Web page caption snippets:
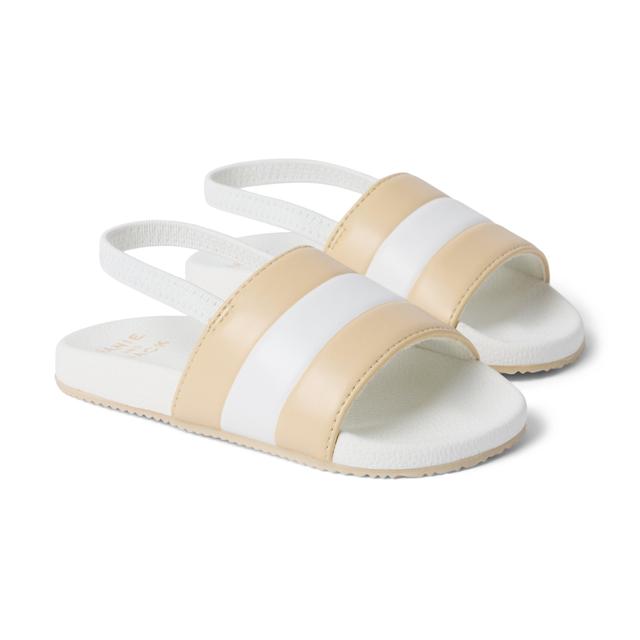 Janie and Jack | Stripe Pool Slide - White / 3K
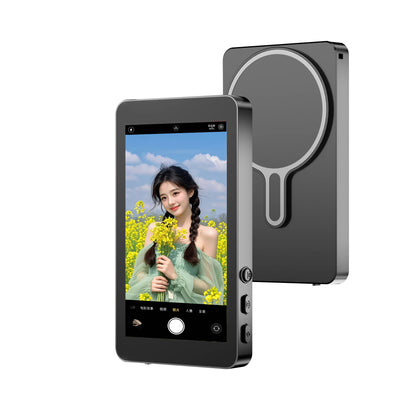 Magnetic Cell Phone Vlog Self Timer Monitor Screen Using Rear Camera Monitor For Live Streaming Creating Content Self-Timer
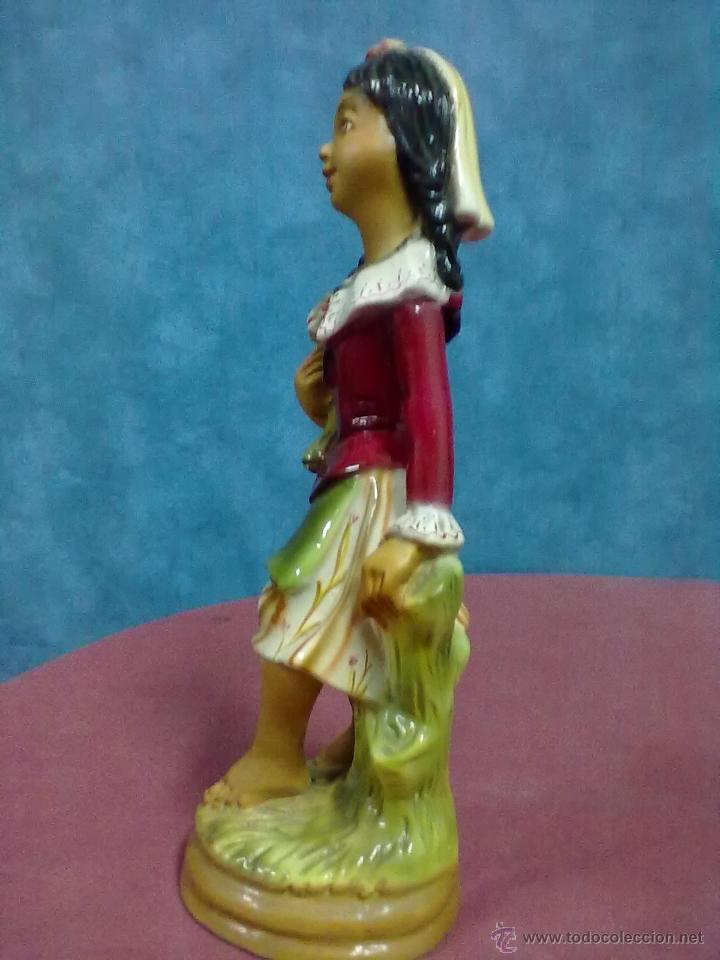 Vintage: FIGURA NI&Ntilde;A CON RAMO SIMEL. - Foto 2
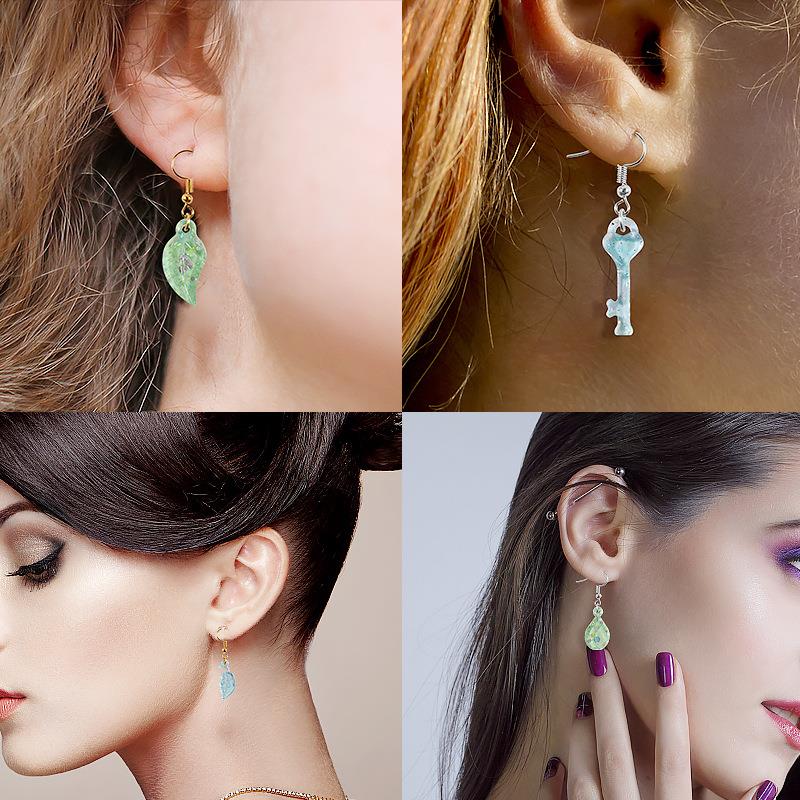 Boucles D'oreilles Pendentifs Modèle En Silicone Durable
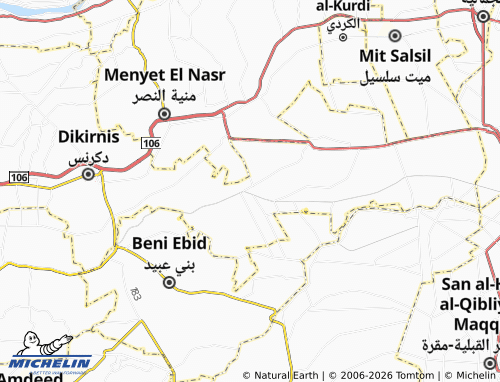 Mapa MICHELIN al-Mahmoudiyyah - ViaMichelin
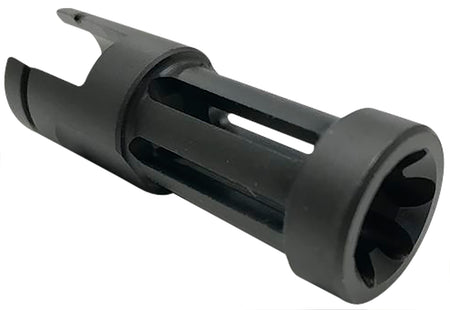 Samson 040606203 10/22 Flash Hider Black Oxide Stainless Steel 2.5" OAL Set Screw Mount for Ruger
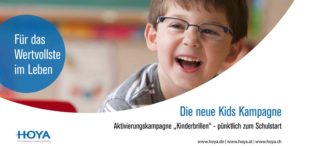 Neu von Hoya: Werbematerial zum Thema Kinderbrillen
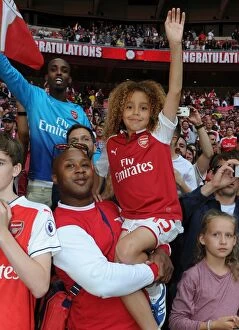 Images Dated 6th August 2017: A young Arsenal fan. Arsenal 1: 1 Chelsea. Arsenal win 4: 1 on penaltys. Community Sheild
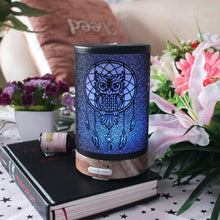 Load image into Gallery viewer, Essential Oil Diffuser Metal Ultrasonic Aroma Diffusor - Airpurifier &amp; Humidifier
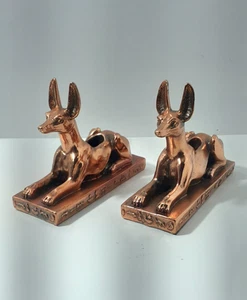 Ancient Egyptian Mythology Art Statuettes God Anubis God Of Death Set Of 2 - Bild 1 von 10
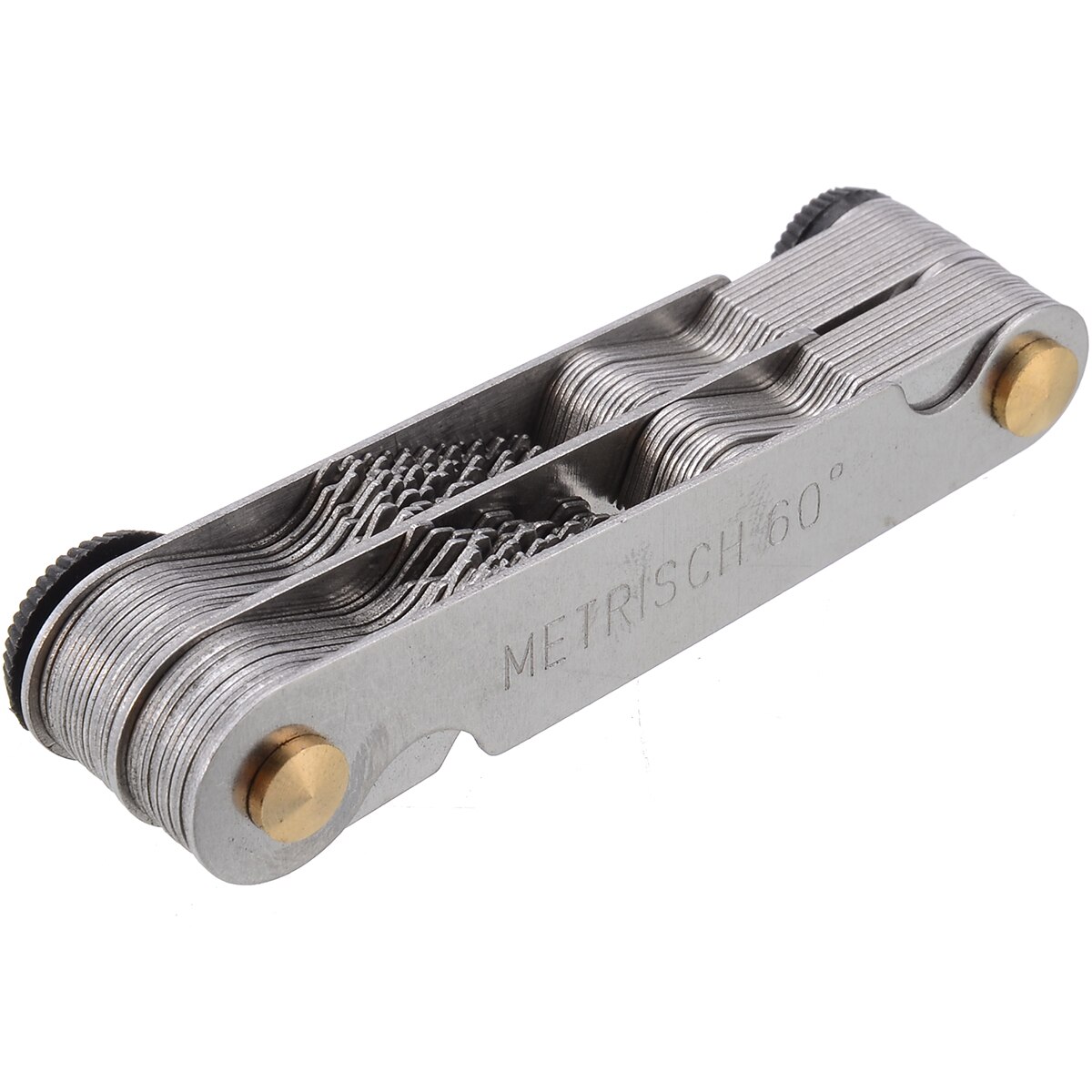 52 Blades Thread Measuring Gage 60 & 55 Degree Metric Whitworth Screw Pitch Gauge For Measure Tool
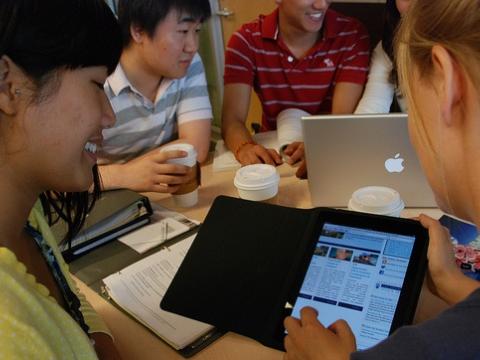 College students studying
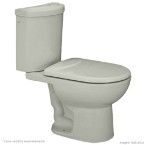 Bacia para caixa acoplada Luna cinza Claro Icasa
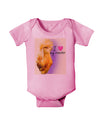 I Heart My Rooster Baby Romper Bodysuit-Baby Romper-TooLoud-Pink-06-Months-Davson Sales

WHAT IS EXPECTED:
The lines from the one containing "Ancient Egyptian Mythology" through the last line of the records are what you should copy, word for word and nothing else, with pictures left out.

WORKED SOLUTION:
 Ancient Egyptian Mythology Art Statuettes God Anubis God Of Death Set Of 2 - Bild 1 von 10
 52 Blades Thread Measuring Gage 60 & 55 Degree Metric Whitworth Screw Pitch Gauge For Measure Tool
 College students studying
 Bacia para caixa acoplada Luna cinza Claro Icasa
 I Heart My Rooster Baby Romper Bodysuit-Baby Romper-TooLoud-Pink-06-Months-Davson Sales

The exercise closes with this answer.